Three guesses who currently ”owns” the term nonce, from a Google perspective.

I’ve also gotten a few queries on ”movabletype nonce” and ”nonce movabletype”, both of which I also seem to own, compliments of Jacques.

Let the countdown begin…

Comment by Phil Ringnalda #
2004-01-21 19:25:57

I’ve developed such complete faith in Google working the way I expect it to that I didn’t even bother checking, or linking to your post (though I thought about it, just to give you the chance to gather your own crapflood data).

Maybe you’ll still get to, if Jacques ever lets him out.

Comment by Jacques Distler #
2004-01-21 20:20:09

I have to say I quite enjoyed my bit of data collection. I’ll let y’all know what comes of it.

But there are more lowlifes where he came from. I suspect we (you? me? Sam??) have not seen the last of them.

But I wouldn’t worry about the rest of the commenters. They’ll return when the shitstorm blows over. Which, I expect, will be real soon now.

 
 
Comment by Jacques Distler #
2004-01-22 10:14:20

I guess I have that magic touch, Sam.
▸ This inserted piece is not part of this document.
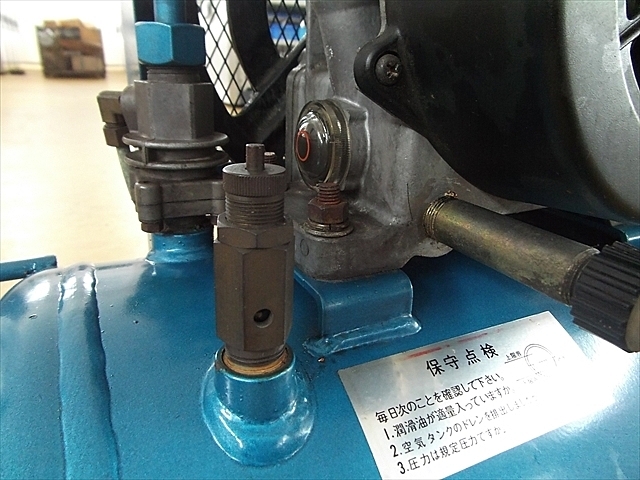 A100201 レシプロコンプレッサー アネスト岩田 SP-07P | 株式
Guess who ”owns” throttle MovableType?

 
 
Comment by Adam Kalsey #
2004-01-21 23:15:54

What the hell, I already have comment spammers pissed off at me and trying to hack my server. Might as well join the fun here too.

What fascinates me is that these children spend like to point out how slow and stupid we are, but they have yet to notice that they could flood blogs in a way that we couldn’t stop. These uncreative little nonces (in the slang sense) can’t seem to think their way past convention. When I was a kid, thinking outside the box was encouraged among digital miscreants. What are they teaching in school these days?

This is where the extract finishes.